Fritzlar believes up to 30 percent of the older beech tree population in the managed part of Hainich has been severely damaged.
“We estimate that nearly 50,000 beech trees, which are more than a century old, are affected,” he said.
Dr. Tanja Sanders, head of forest ecology and biodiversity at the Thünen Institute, explains that some beech trees have suffered the equivalent of a sunburn during the droughts and are slowly dying.
Sanders said older trees in Hainich are likely to be taller, and so are more exposed to high temperatures and prone to leaf damage. At such heights, sucking up enough water can be a real effort.
“The question is whether the forest would have been growing here in this composition if humans had no influence,” she said.
“The spruce might be having problems as we planted it in locations that are not perfectly suitable for it. Beech trees likely were the natural vegetation in central Europe, but beech exposed to high radiation and having low humidity do suffer as well.”
Nearly half of the country’s forests are privately owned, and witnessing the death of so many trees can be devastating for the families who have built their livelihoods around them.
“These are family enterprises,” Larissa Schulz-Trieglaff, spokeswoman for the Association of German Forest Owners, said. “Some of them live only from the forest, and for them, it’s an existential crisis.”
Helge Bruelheide, professor of geobotany, at Martin Luther University in Halle, Germany, said that damage caused by drought has been seen in beech, spruce, birch, maple and even in more drought-resistant oak trees.
“It’s really dramatic. You can see it everywhere,” he said. “Driving around Germany, you will see dead patches of trees in many regions.”
And for people venturing out into the woodland to hike or relax, it can be tough, Bruelheide said. “You see a tree that’s dying, and you can’t do anything about it.”
For Hermann Mueller, 71, who heads a local hiking club with 58 members, the forest is an essential part of his life. Living close to Hainich, he has been hiking through the woods and across meadows since early childhood.
“It is our green lung. It hurts to see it ailing,” Mueller said.
“I never thought it would get so bad that you have to be afraid that branches fall on your head when you enter the woods,” Mueller said.
Bright yellow signs around the park now warn hikers of increased danger.
Climate change, and in particular the impact of heat waves and droughts on the forests, have been part of public discourse in Germany for months.

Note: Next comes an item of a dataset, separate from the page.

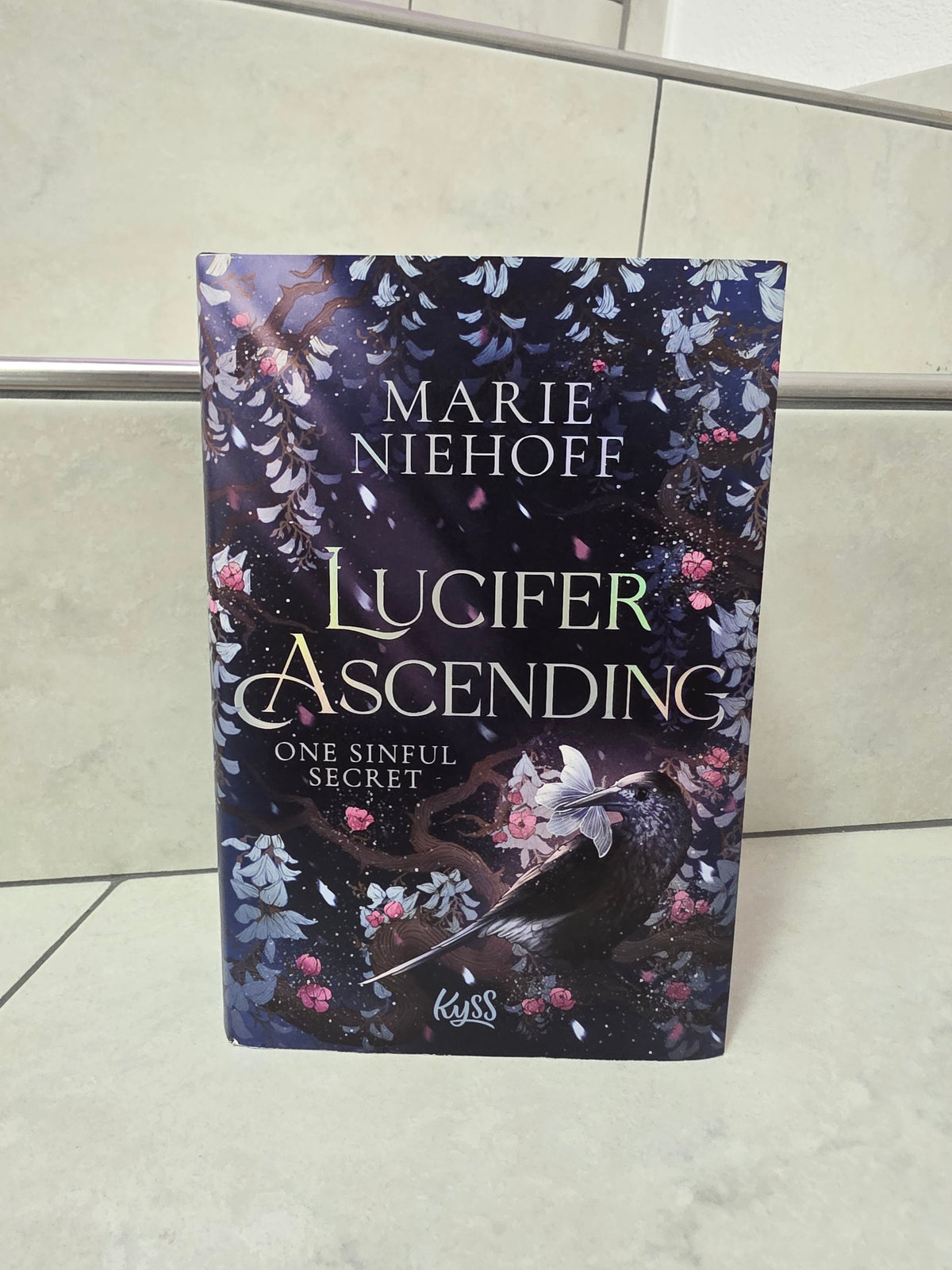 Lucifer Ascending von Marie Niehoff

Front pages of Germany’s leading newspapers and magazines have been asking whether the country’s forests can still be saved.
In terms of what can be done about it, Bruelheide said tackling climate change is more of a long-term solution, but in the short-term there is no one simple remedy that can fix the “bleak” situation.
He said reforestation and the introduction of drought-resistant tree species are not a solve-it-all answer because it can be expensive and takes decades, while there is no guarantee that even oaks, which tolerate drought better, will do well.
Scientists, environmental organizations and representatives from Germany’s forest industry gathered in Berlin last month to discuss ways to help the forests.
"Every missing tree is a missing comrade-in-arms against climate change," agriculture minister Julia Klöckner told the public broadcaster SWR ahead of the summit, as Germany is mulling a 800 million euro ($880 million) rescue effort.
Back in Hainich, Fritzlar is convinced a mixed, tree species-rich forest is the answer.
“It’s a complex task that we face for the future,” he said. “This must be a wake-up call.”